I expect to have two days to kill in Utah in a few weeks - part of a larger trip.

Haven't been to Canyonlands / Arches for years, so that takes first priority. If there was a great place to buy local exotics, though, I'd make a pretty big effort.

Anyone know of a lumberyard with a rack of unusual material? Or anywhere else that's worth a detour between Provo and Moab?


----------



## Mr. Peet (Apr 1, 2019)

bhatleberg said:


> I expect to have two days to kill in Utah in a few weeks - part of a larger trip.
> 
> Haven't been to Canyonlands / Arches for years, so that takes first priority. If there was a great place to buy local exotics, though, I'd make a pretty big effort.
> 
> Anyone know of a lumberyard with a rack of unusual material? Or anywhere else that's worth a detour between Provo and Moab?



Yeah, hop on a puddle skipper down to Barry's in AZ and raid the wood dump he always seems to score well in...

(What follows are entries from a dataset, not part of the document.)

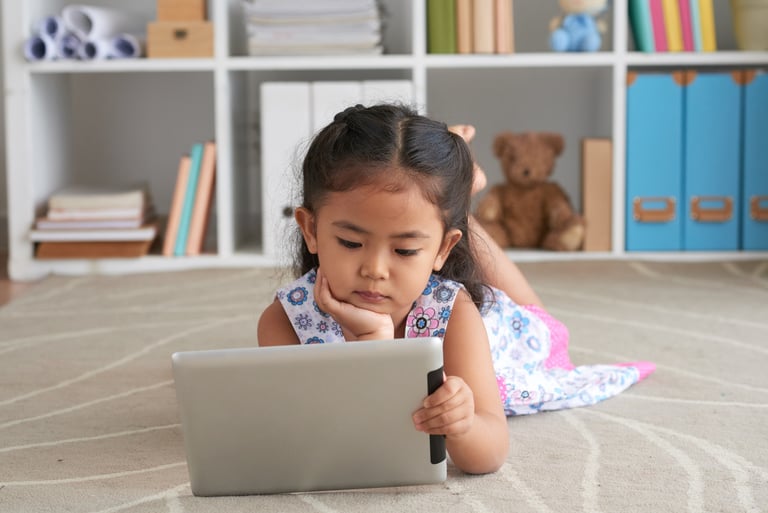 toddler using tablet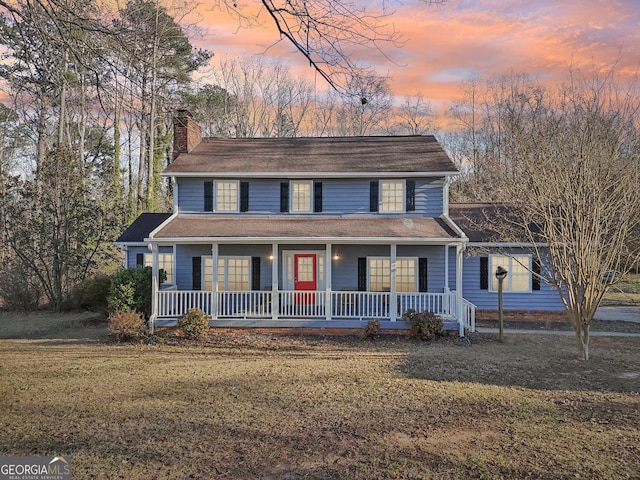 view of front of property with a porch and a yard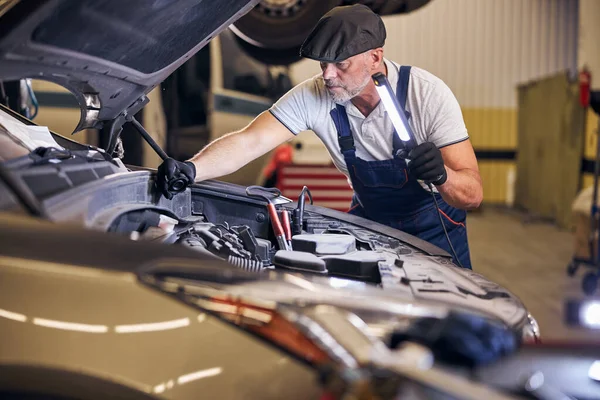 Vousatý auto automechanik opravy auto na čerpací stanici — Stock fotografie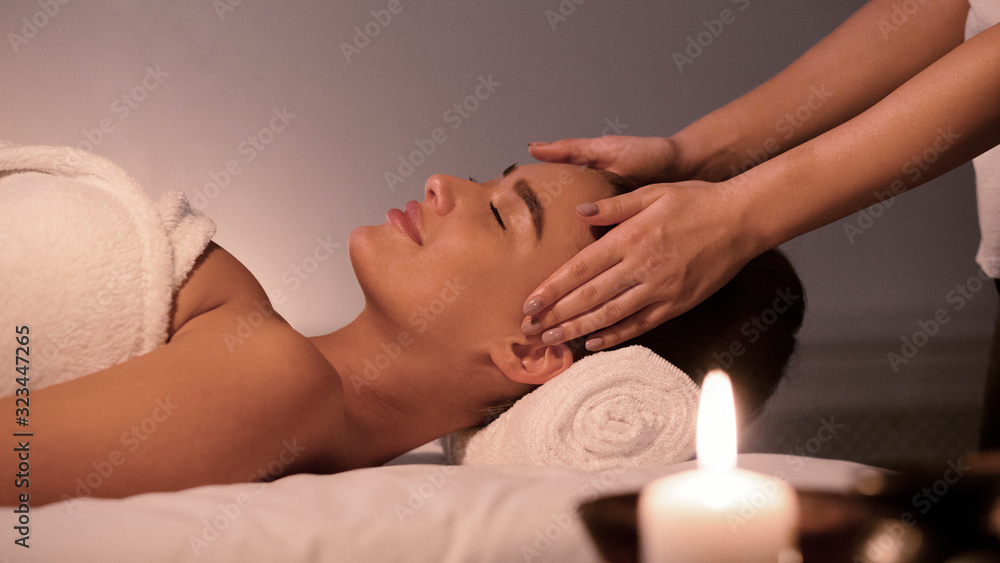 Spa treatment. Young woman enjoying face massage Spa treatment. Young woman enjoying face massage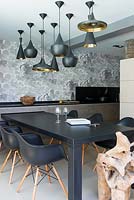 Metal pendant lights above dining table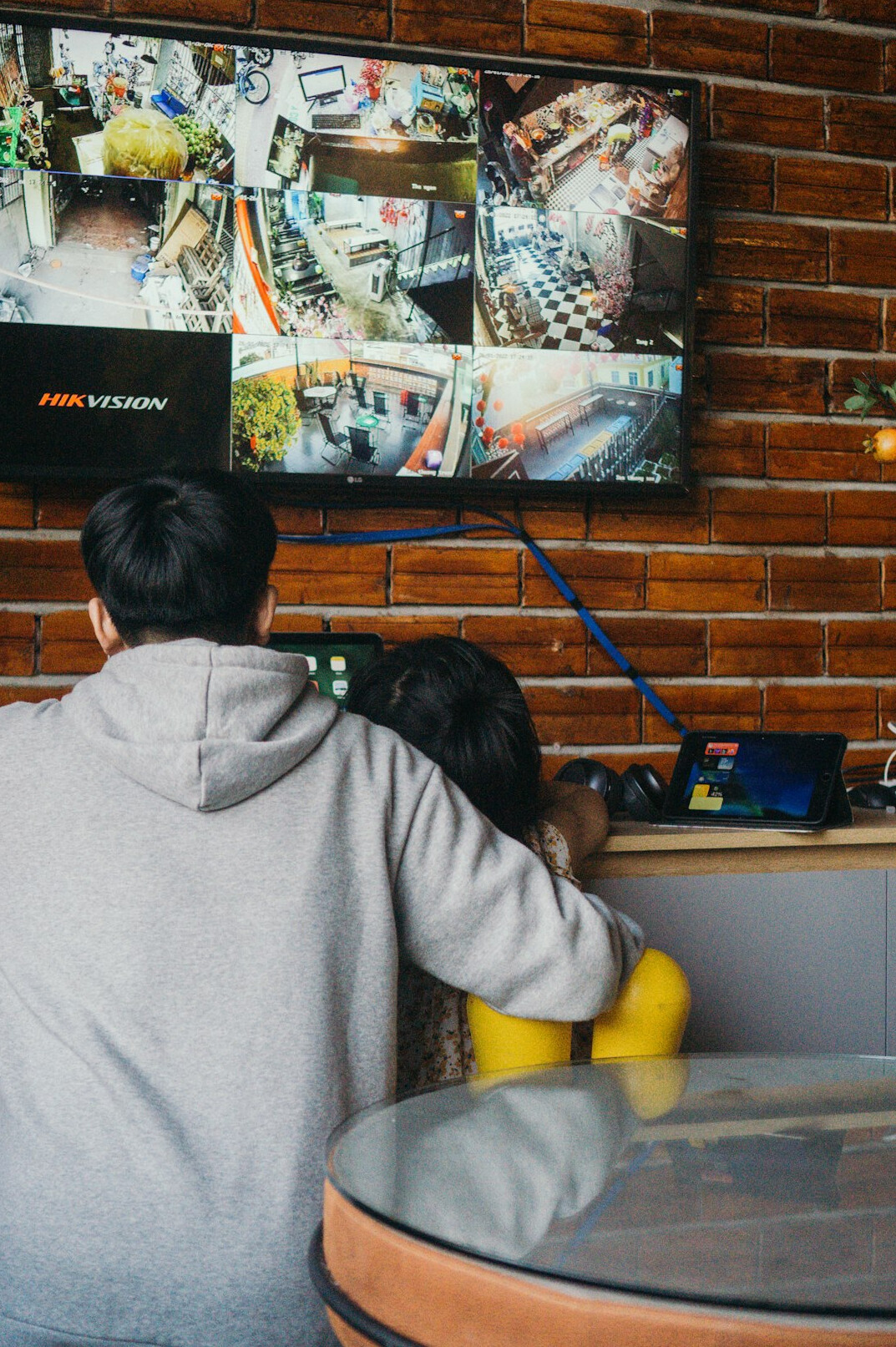 store manager reviewing security footage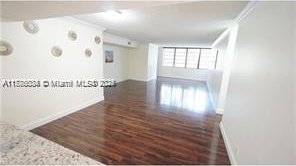 3100 NW 42nd Ave Unit D202, Coconut Creek, FL 33066 - unfurnished room featuring wood finished floors, crown molding, an AC wall unit, and baseboards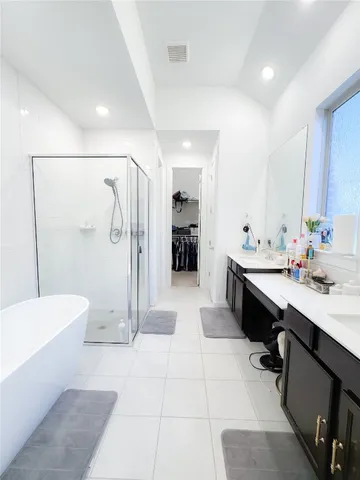 a spacious bathroom with a double vanity sink a toilet a mirror and shower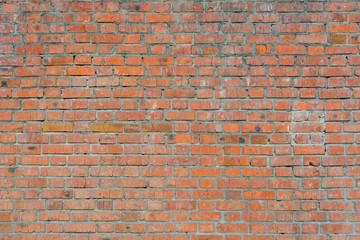 Old brick wall of red color, panorama of masonry. Texture background.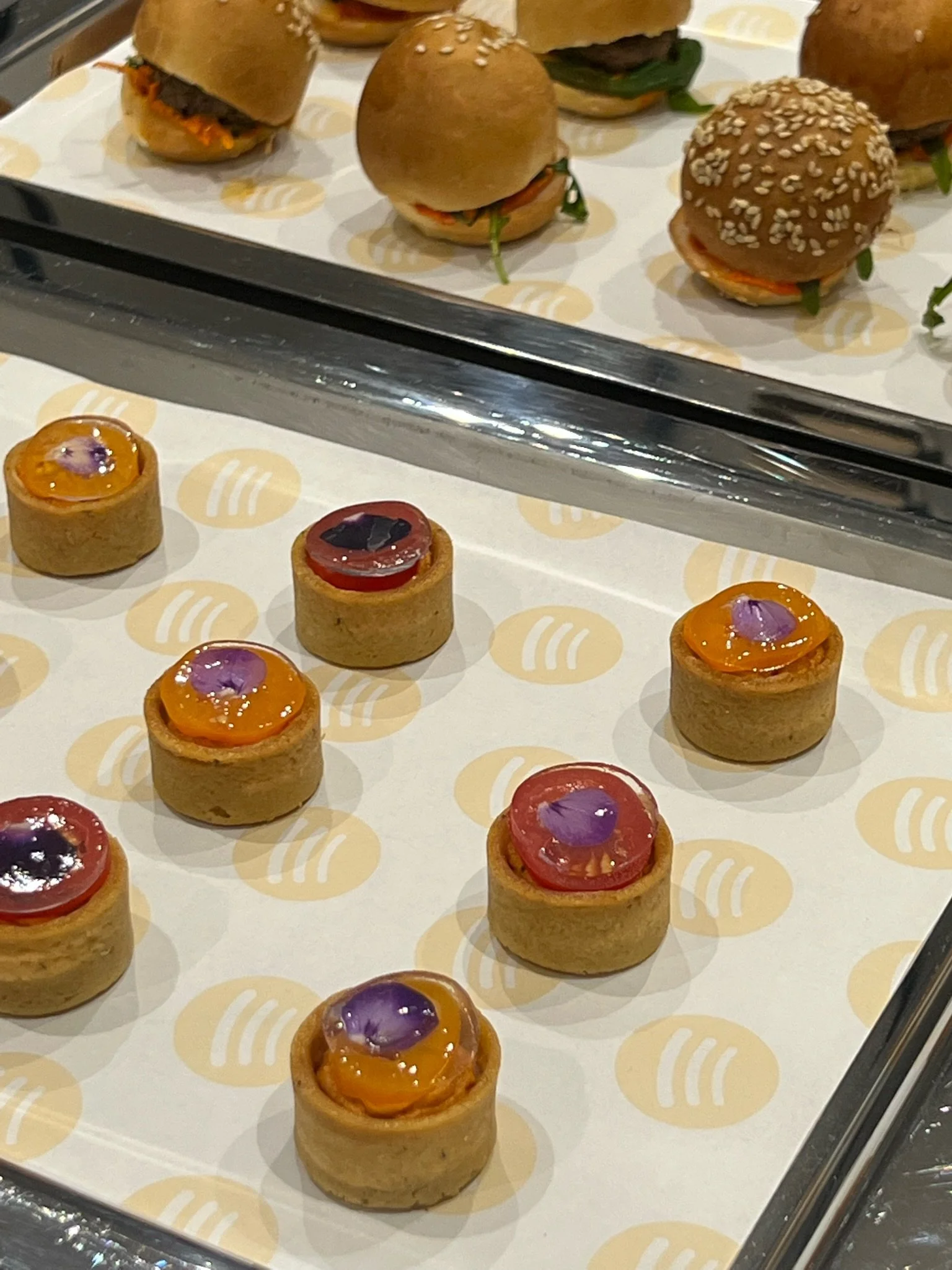 Mini tartlets with colorful jam and purple edible flowers, arranged on a tray.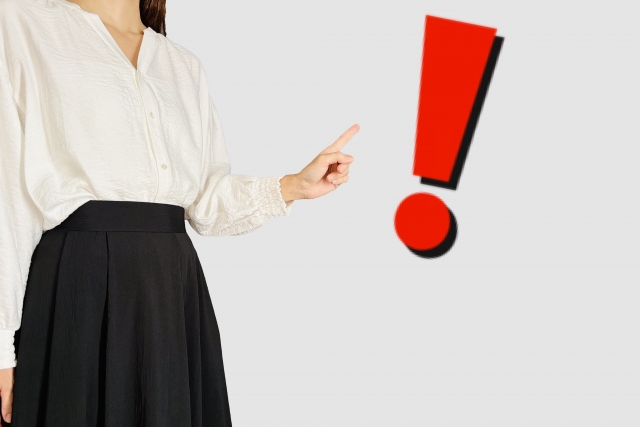 女性がビックリマークを指さしている画像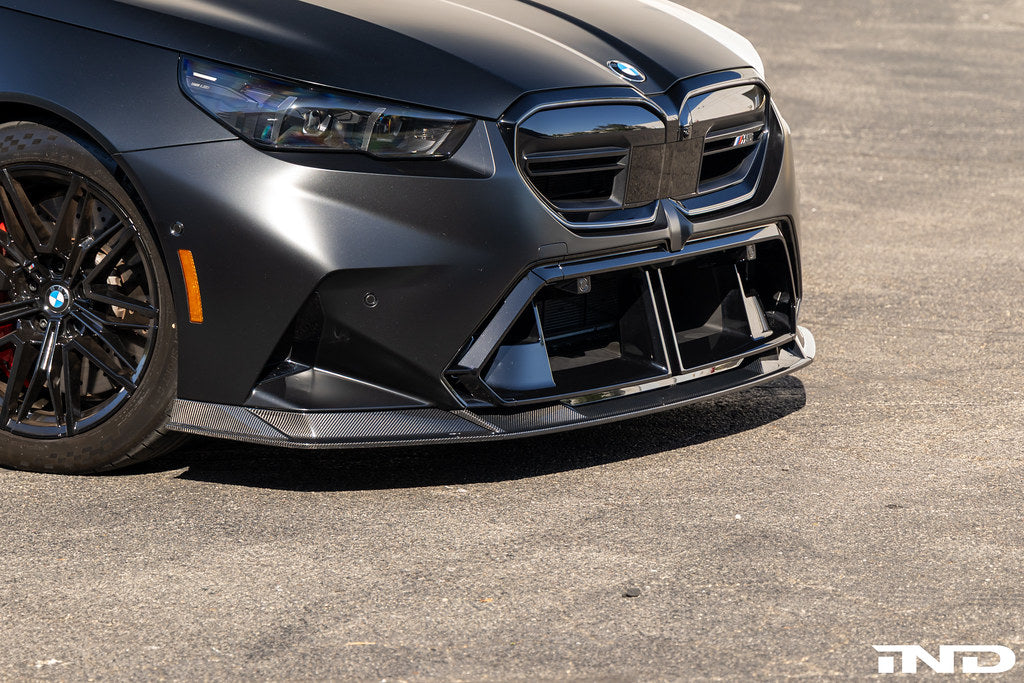 TREVORA G90 G99 M5 carbon fiber front splitter for exterior car styling, showcasing aerodynamic design and high-quality finish.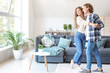 © Pixel-Shot - Happy young couple dancing at home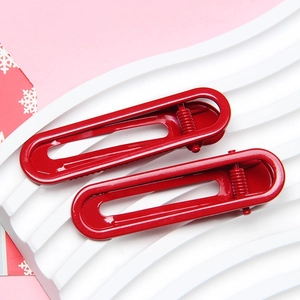 Close-up of vibrant red 6cm U-shaped metal hair clips on a decorative pink background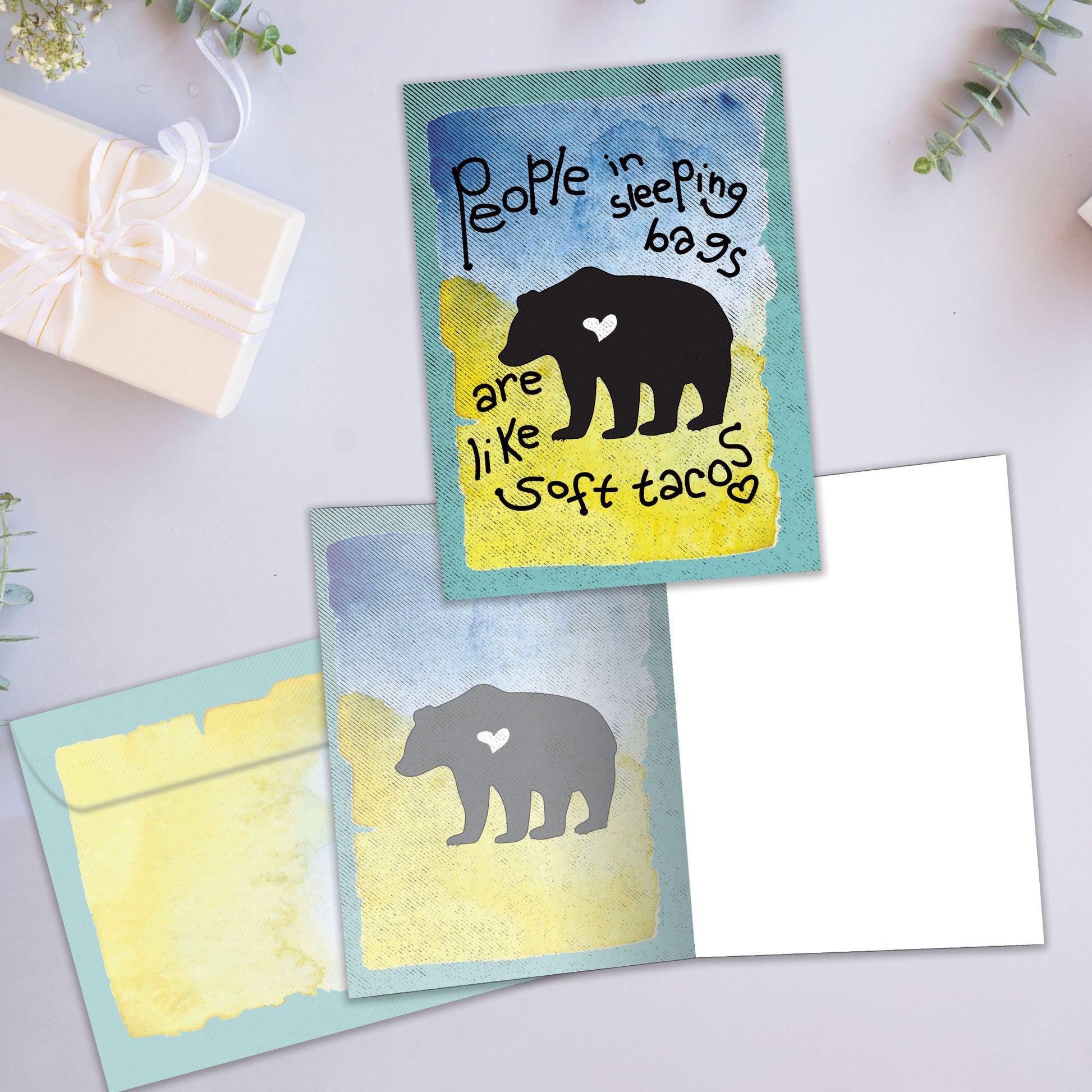 Front and inside view of an All Occasion greeting card showcasing a bear silhouette on the cover with a message, with a matching envelope.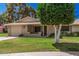 Charming single-story home with a well-manicured lawn, mature trees, and a quaint front porch at 10913 W Caron Dr, Sun City, AZ 85351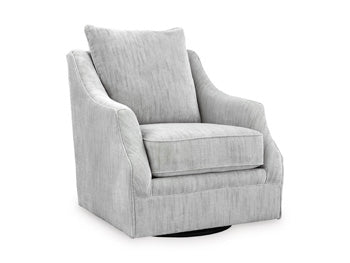 Ashley Furniture Gubbins swivel accent chair with a rounded back and plush cushion, shown from an angled side view.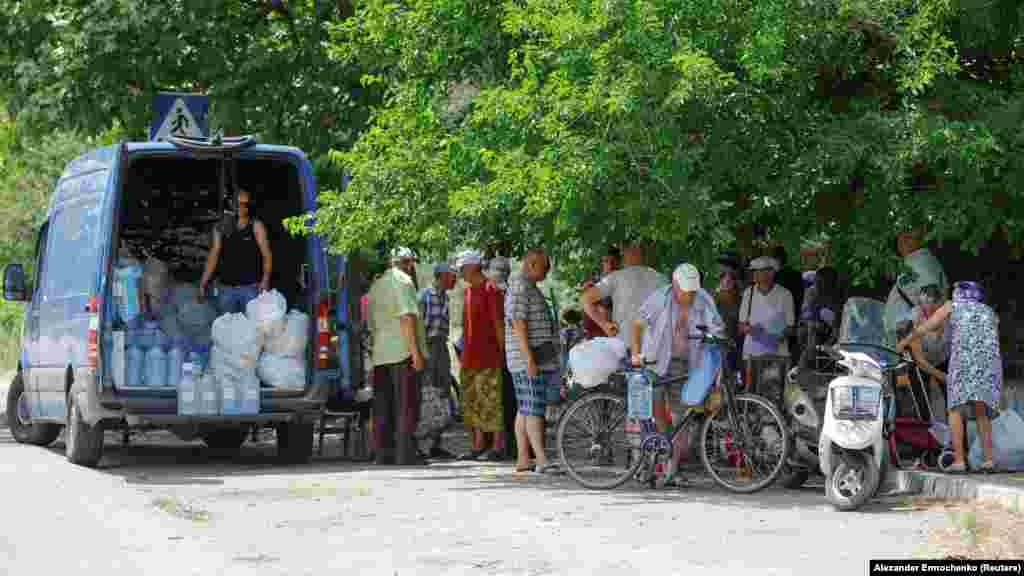 Helyiek ivóvízért és élelmiszerért állnak sorba Hola Prisztanban 2023. július 6-án.&nbsp;A hatezer lelkes települést több mint egy hónapja, a kahovkai gát felrobbantását követő napon árasztotta el a víz. Az orosz ellenőrzés alatt álló területen akkor karantént hirdettek, ezért mind az evakuálás, mind a segélyszállítmányok eljuttatása akadályokba ütközött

Reactions: Like 1 | Agree 2 | Funny 1


----------



## DKMD (Apr 1, 2019)

Craft supplies(CSUSA) is in Provo... might be worth a looksie if you’re into turning stuff.

Reactions: Like 1


----------



## Bill_LFW (Apr 1, 2019)

here in Utah we have craft supplies in provo, Macbeths in salt lake, and wood craft in sandy Utah, for small exotic wood, craft supplies is the only place id go to, other than that's its the internet here in utah

Reactions: Like 1


----------



## bhatleberg (Apr 3, 2019)

Sounds good - thanks, all. I'll make use of the list!


----------